France held the first round of its presidential elections over the weekend, and it spells real trouble for President Sarkozy -- and German Chancellor Merckel.  Sarkozy took only 27% of the vote, bested by the socialist party candidate, Francois Hollande.  The far left candidate pulled in 11% and can be relied on to offer that to Hollande.  The far right took 18%, but their leader shows no inclination to back Sarkozy.  Absent an April Surprise, it’s difficult to see how Sarkozy gets reelected on May 6th.

Hollande, the socialist, has run a campaign critical of Sarkozy’s divisiveness, and of the EU approach to its financial crisis.  He got a boost early on from German Chancellor Merckel endorsing Sarkozy -- French voters prefer the image of a smart French rider astride a strong German horse to that of a bossy teuton meddling in French elections.  Hollande campaigned vigorously on his opposition to the “Merkozy”

In an effort to stave off Eurozone collapse, Chancellor Merckel has intimidated other European leaders into an austerity first strategy.  It is now reaching its political limits of acceptability not only in the political periphery of Greece, Spain, Portugal and Italy, but also in the bedrock of the Eurozone.  The honeymoon is over for technocratic governments in Greece and Italy; both are threatened by elections to overturn austerity.   Spain failed to meet its budget cuts and the newly elected government is facing a public backlash.  Even the Netherlands is likely to call elections after their government failed to agree on needed spending cuts.

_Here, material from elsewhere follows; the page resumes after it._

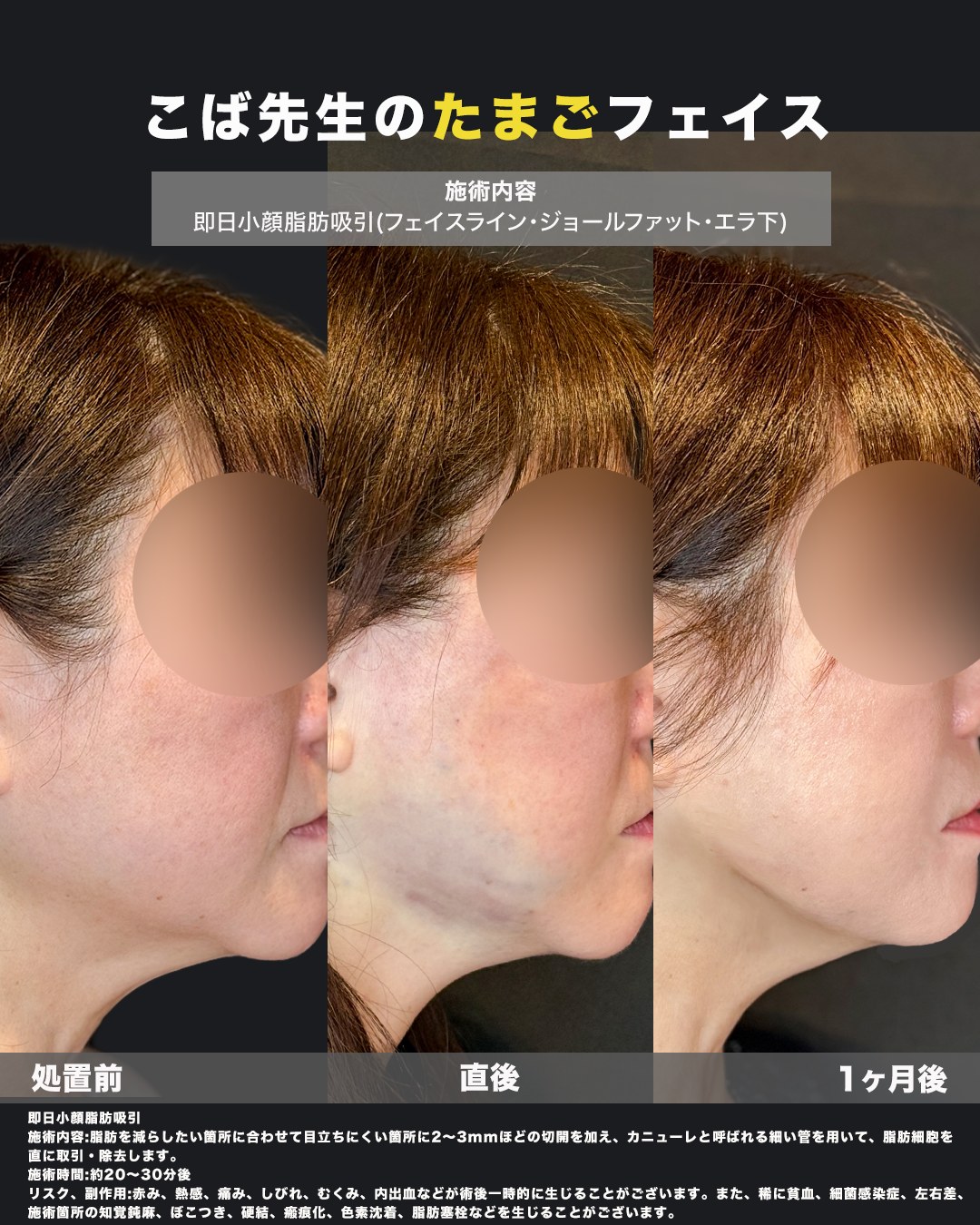 小顔脂肪吸引を受けた方の処置前・直後・1ヶ月後を並べた横顔の写真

France now has a debt to GDP ratio of 90%, the level economists Carmen Reinhardt and Ken Rogoff identify as the tipping point at which countries lose the ability to regain their footing.  That debt has grown dramatically (from a sustainable 64% of GDP) in 2007, when Sarkozy was elected.  Sarkozy campaigned in 2007 on a promise to cut unemployment to 5%; it now stands at 10%.

Sarkozy has run a campaign pulling to the right.  If it were Britain, it would be described as a “Little England” approach: reducing immigration by 50%, better border controls, and keeping manufacturing and economic activity in France.  Hardly an inspiring vision for France, it shows how vulnerable Sarkozy’s support is to pressure from his right.

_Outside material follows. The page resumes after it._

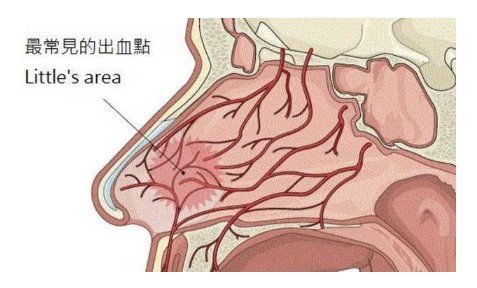 鼻血流不止是什么原因怎么治疗，鼻子流鼻血不止是什么原因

But France is in an economic malaise that neither major party candidate has a plausible solution to.  Sarkozy promised a growth strategy in 2007 that he hasn’t delivered, in part because of his erratic policies, in part because of the Eurozone crisis he could not control, but also in part because the French people themselves would not free up their economy.  France was lucky to have had Silvio Berlusconi’s burlesque in Italy distracting attention from scrutiny of the French economy’s fundamentals for so long.

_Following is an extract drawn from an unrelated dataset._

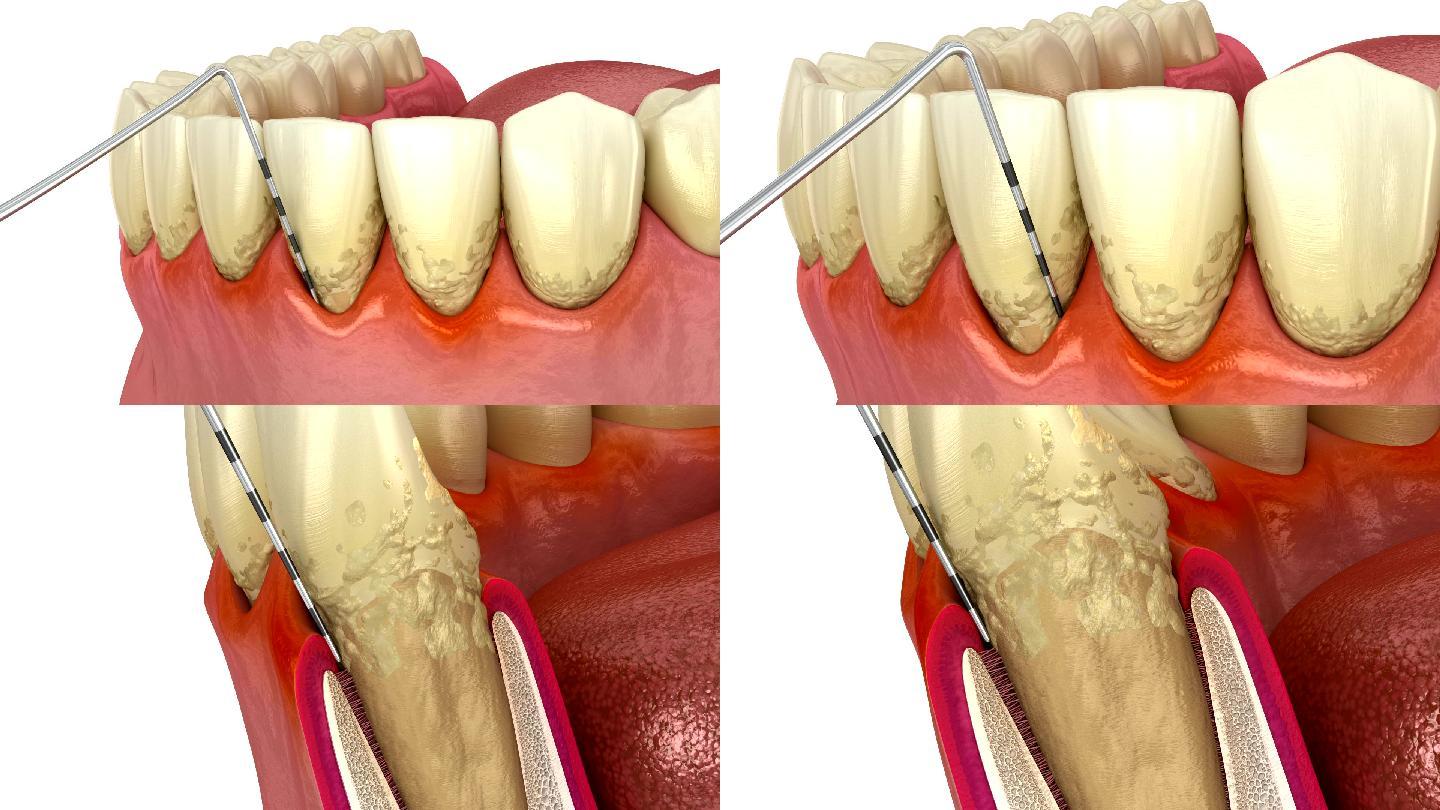 牙周炎测试口腔问题模拟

Hollande promises to renegotiate the Eurozone deal in ways more beneficial to France.  Merckel sternly refuses.  But the German chancellor is short of allies to continue on her preferred course.  Germany got its debt under control earlier than other countries, but is deeply complicit in the policies that encouraged untenable lending -- something Merckel’s dour approach is designed to avoid owning up to.  Without France and the Netherlands as flankers, Germany will be unlikely to garner enough support to see the austerity approach through.